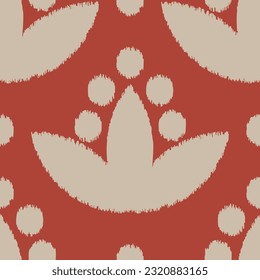 Patrón de ikat sin foco sobre fondo rojo.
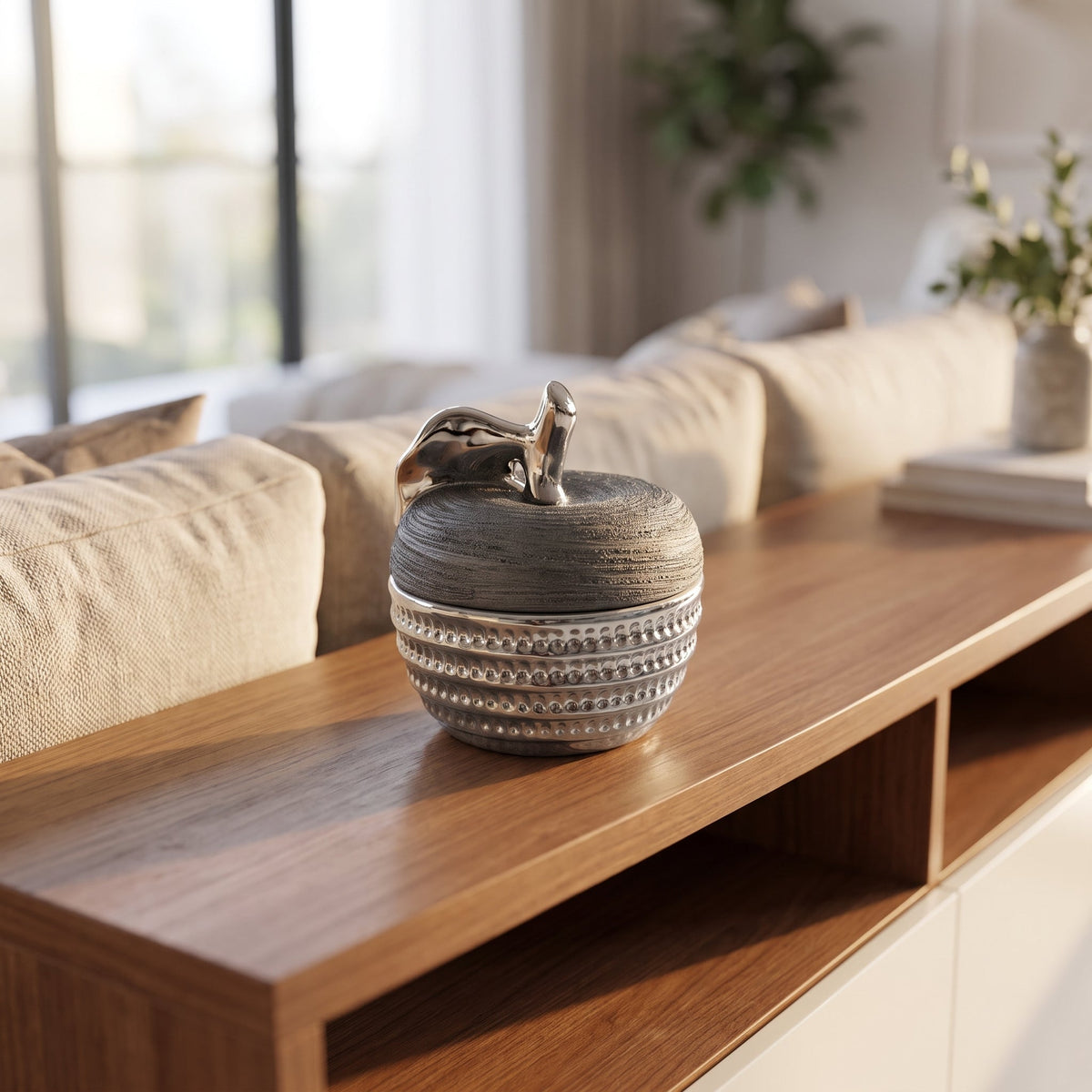 Graphite Trinket Jar styled on a console shelf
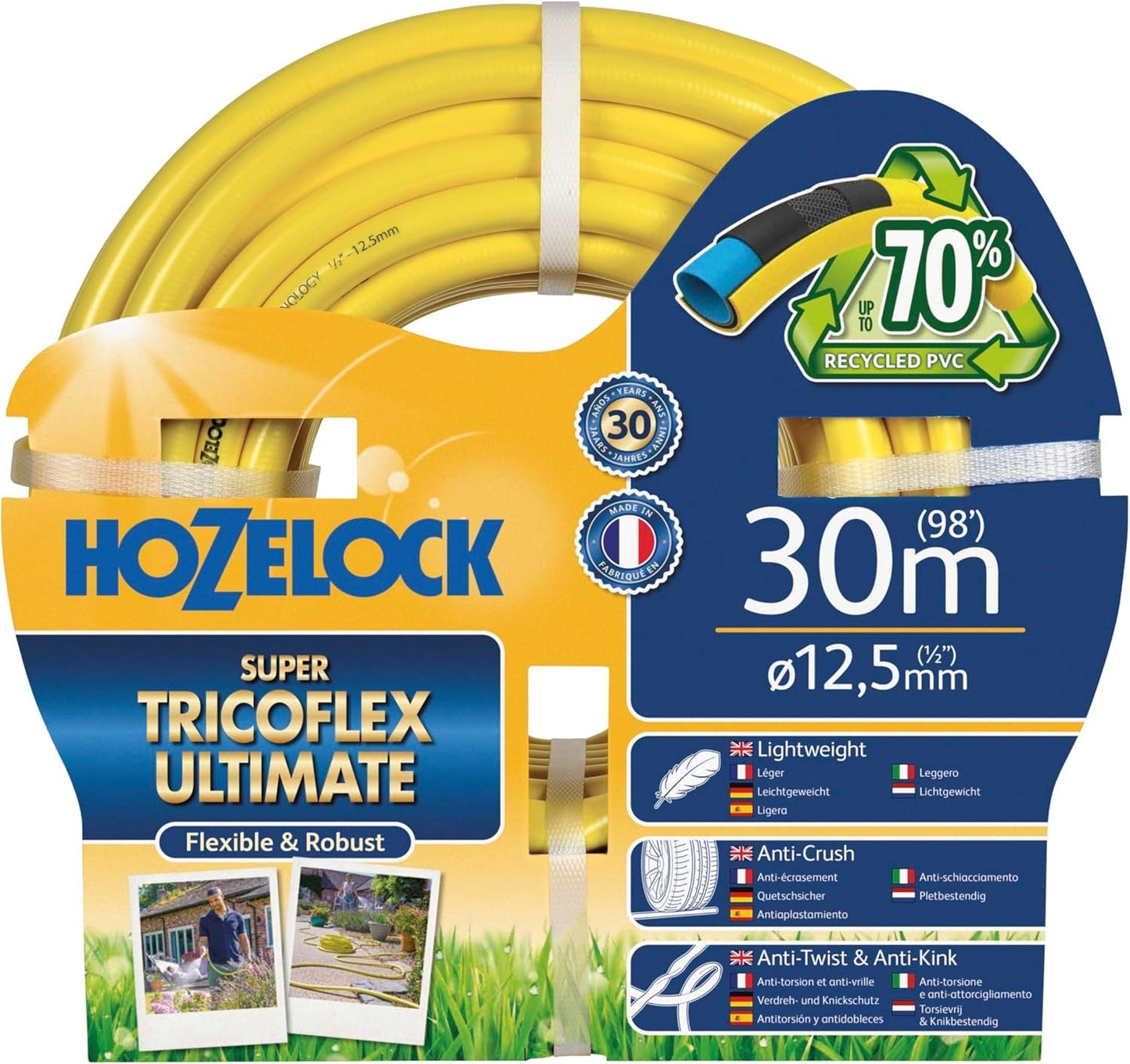 HOZELOCK-slange - Ultramax 12,5 mm x 30 m, op til 70 % genanvendt PVC, robust, vejrbestandig, anti-vridning, bøjnings- og knusningsbestandig, grå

▶ [TASK OBJECTIVE]:
Transcribe the full listing above exactly, with the images removed.

▶ [FINISHED EXERCISE]:
 Patrón de ikat sin foco sobre fondo rojo.
 Graphite Trinket Jar styled on a console shelf
 HOZELOCK-slange - Ultramax 12,5 mm x 30 m, op til 70 % genanvendt PVC, robust, vejrbestandig, anti-vridning, bøjnings- og knusningsbestandig, grå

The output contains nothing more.